As local school districts and the state government begin the budget development process for 2020-2021, the New Jersey School Boards Association is calling on the education community to come together in support of a series of school funding proposals that would benefit all local districts.
“During my long career in public school leadership, I have learned that every district faces funding challenges that vary according to its own circumstances—whether they involve community wealth, the stability of its tax base and, most critical, the needs of its students,” said Dr. Lawrence S. Feinsod, NJSBA executive director.
“The battle for quality schools never ends,” he said.
“In the past, the education community worked to overcome differences, joining together to speak with a unified voice. That should be our goal today. We are in an unprecedented situation, and it’s pitting school districts against each other.”
The point of contention, as widely known, centers on the allocation of state education aid under Senate Bill 2. Depending on which side of the ledger a district falls, the six-year adjustment in school funding, prescribed by S-2, can be viewed as a long-overdue correction to an unjust situation—or an abrupt reduction that will diminish the education program.
NJSBA has supported—and will continue to support—all school districts on the issue of state aid to education, both publicly and in dialogue with legislators. The Association believes that there is common ground on school funding that would improve the situation for all boards of education.
Policy, adopted by NJSBA’s local school board delegates, calls for a funding system that reflects current enrollment and the most recent data. Therefore, NJSBA supports the move toward full funding for those districts where students were shortchanged for nearly a decade by the state’s administration of the school finance system. But in the course of putting school funding back on track, a significant number of districts are facing deep cuts in state aid. The state must recognize that a district losing funding may face exceptional circumstances, and it must provide support as needed.

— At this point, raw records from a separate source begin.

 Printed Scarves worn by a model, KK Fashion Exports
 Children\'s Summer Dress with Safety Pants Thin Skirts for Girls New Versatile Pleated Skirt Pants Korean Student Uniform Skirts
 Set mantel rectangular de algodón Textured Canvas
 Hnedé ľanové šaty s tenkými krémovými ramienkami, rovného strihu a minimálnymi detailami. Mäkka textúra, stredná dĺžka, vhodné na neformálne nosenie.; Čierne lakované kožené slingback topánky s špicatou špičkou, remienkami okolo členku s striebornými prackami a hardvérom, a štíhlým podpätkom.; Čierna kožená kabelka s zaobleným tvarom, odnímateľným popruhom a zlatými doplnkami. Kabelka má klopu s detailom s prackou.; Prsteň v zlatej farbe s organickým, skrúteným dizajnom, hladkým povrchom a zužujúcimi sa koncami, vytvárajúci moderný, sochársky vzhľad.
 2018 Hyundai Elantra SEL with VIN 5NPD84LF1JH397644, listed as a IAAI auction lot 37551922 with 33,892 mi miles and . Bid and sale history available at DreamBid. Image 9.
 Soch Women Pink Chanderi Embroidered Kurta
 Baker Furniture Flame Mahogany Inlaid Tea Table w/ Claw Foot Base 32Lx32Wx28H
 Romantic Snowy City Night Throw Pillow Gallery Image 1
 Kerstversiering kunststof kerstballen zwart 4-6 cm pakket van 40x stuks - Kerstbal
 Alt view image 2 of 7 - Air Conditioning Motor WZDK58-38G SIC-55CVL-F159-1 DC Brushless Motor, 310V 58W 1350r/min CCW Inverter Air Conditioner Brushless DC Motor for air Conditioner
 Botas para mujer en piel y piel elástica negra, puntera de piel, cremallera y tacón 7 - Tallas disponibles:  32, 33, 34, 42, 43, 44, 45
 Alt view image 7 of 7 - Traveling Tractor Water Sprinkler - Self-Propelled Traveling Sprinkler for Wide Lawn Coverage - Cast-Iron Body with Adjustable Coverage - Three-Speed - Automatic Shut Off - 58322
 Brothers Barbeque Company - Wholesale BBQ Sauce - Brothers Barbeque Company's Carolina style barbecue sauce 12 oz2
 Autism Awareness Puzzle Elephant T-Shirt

Strategies NJSBA is calling for legislative initiatives to ensure that school funding addresses the following factors, among others:
- An increasing special education population and rising special education costs;
- District capacity to accommodate the student population within the existing physical plant;
- A growing number of children with family income below the poverty line, as well as other demographic factors including rates of incarceration, pregnancy, drug abuse and suicide;
- PILOT (payment in lieu of taxes) agreements negotiated by municipalities, which often result in no or limited revenue for school purposes;
- A depletion of the ratable base due to weather events or other circumstances, and
- The need to increase the tax levy beyond the 2% cap to maintain educational programming.
In addition, other strategies would benefit school districts across the spectrum. They include, but are not limited to, increased special education funding, health benefits reform, and cap adjustments for school security, mental health services, capital outlay and transportation. Also necessary is adequate emergency aid to address exceptional circumstances in districts facing sharp state aid reductions.
End Division “For the New Jersey School Boards Association, which represents all local boards of education, the current school funding situation has been especially challenging,” commented NJSBA President Michael R. McClure. “What truly troubles me is the division, sometimes bordering on hostility, within the education community and its potentially negative impact on public education statewide.
“We have to resolve our differences and work together. Too much is at stake,” he said.
“There are many challenges down the road,” McClure continued. “They will require local school board members to take the lead with their education communities and stand together, shoulder to shoulder, for quality education for our state’s 1.4 million students.”